Robert Louis Stevenson: “In the South Seas” (1896)

Robert Louis Stevenson    (1850-1894)

A Scottish novelist, poet, essayist, short-story and travel writer:
His novels “Treasure Island”, “Kidnapped” and “Dr Jekyll and Mr Hyde” remain enormously popular.
Stevenson and his wife Fanny traveled extensively in the Pacific.  
In 1890, Stevenson and his family settled on the island of Samoa.
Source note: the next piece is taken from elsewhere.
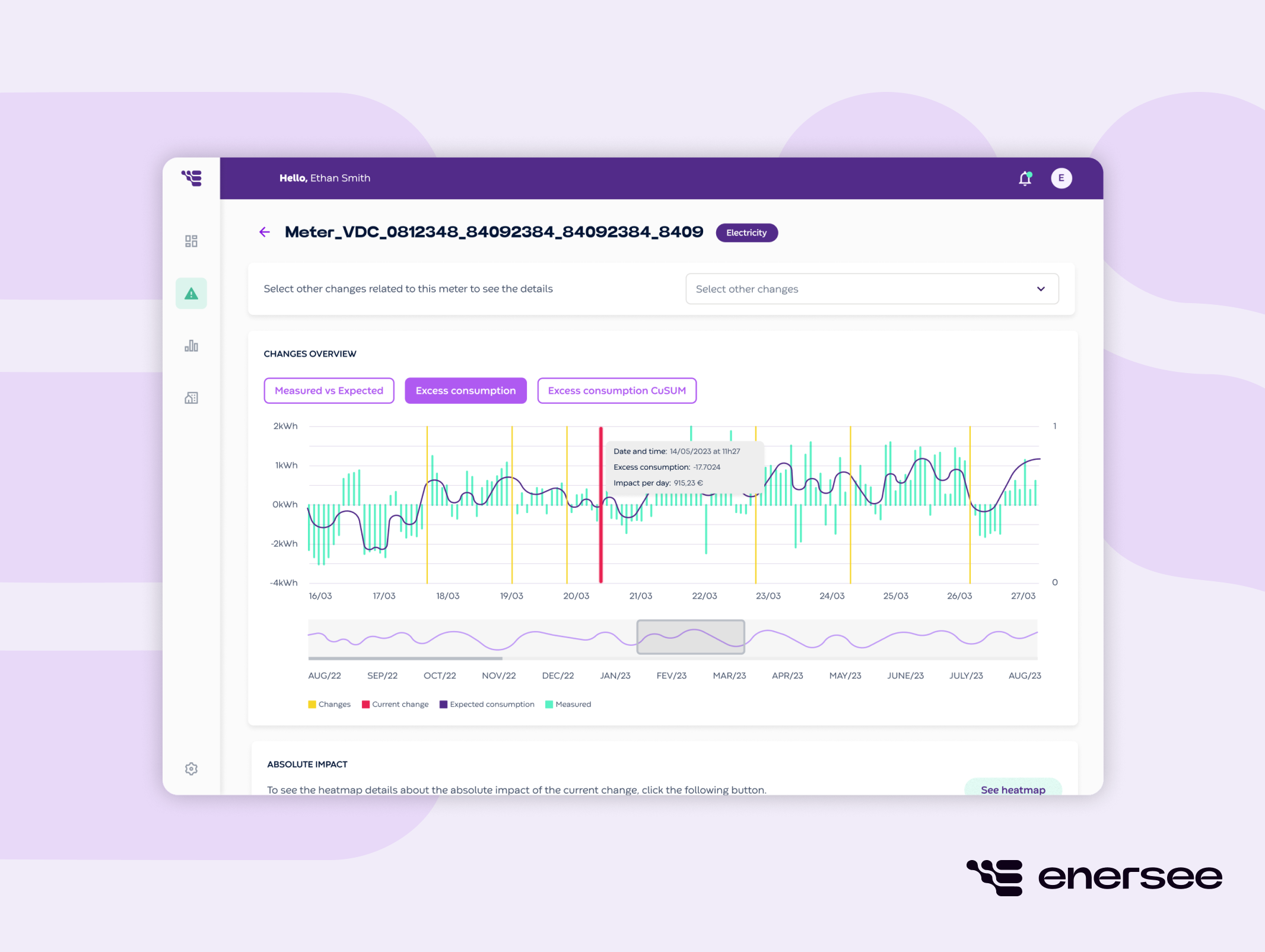 Enersee best AI energy management software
He died in Samoa in 1894 and is buried there.

Excellent online resource dedicated to the life and works of Robert Louis Stevenson:
The website is designed and maintained by Centre for Literature and Writing (CLAW) at Edinburgh Napier University, Scotland.

Copyright on RLS’s works:
All of RLS’s published works are in the public domain since December 1944, fifty years after his death, and may be quoted without further permission.
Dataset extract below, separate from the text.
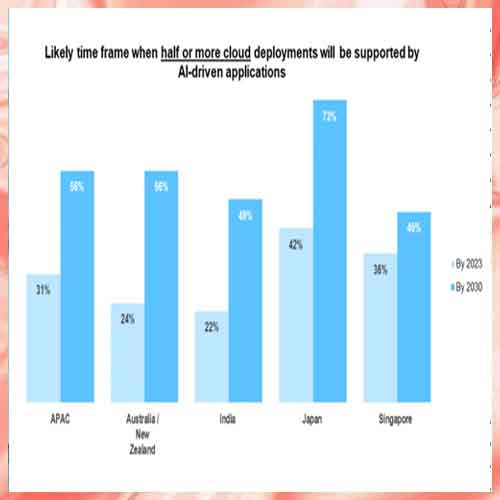 NetApp’s 2023 Cloud Complexity Report Highlights the Shifting Demands of a Multicloud Environment NetApp’s 2023 Cloud Complexity Report Highlights the Shifting Demands of a Multicloud Environment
About   “In the South Seas” by Robert Louis Stevenson (1896)

In 1888, Stevenson and his family sailed from California, in the yacht “Casco” to cruise the Pacific. “In the South Seas” is an account that Stevenson wrote of his experiences and observations, in the Marquesas, Paumotus and Gilbert Islands.  The book was published posthumously  in 1896.
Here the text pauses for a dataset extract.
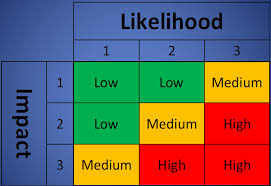 Do not take things personally. Risk Register Download Risk Register Template In Word Excel And Pdf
Sources for ebook formats:
Project Gutenberg: eBook #464

Excerpt from “In the South Seas”

Note: the Paumotus Archipelago is a chain of atolls in French Polynesia, and is now known as The Tuamotus or Tuamotu Archipelago.



“The night fell lovely in the extreme.  After the moon went down, the heaven was a thing to wonder at for stars.  And as I lay in the cockpit and looked upon the steersman I was haunted by Emerson’s verses:

‘And the lone seaman all the night
Sails astonished among stars.’

By this glittering and imperfect brightness, about four bells in the first watch we made our third atoll, Raraka.  The low line of the isle lay straight along the sky; so that I was at first reminded of a towpath, and we seemed to be mounting some engineered and navigable stream.  Presently a red star appeared, about the height and brightness of a danger signal, and with that my simile was changed; we seemed rather to skirt the embankment of a railway, and the eye began to look instinctively for the telegraph-posts, and the ear to expect the coming of a train.  Here and there, but rarely, faint tree-tops broke the level.  And the sound of the surf accompanied us, now in a drowsy monotone, now with a menacing swing.”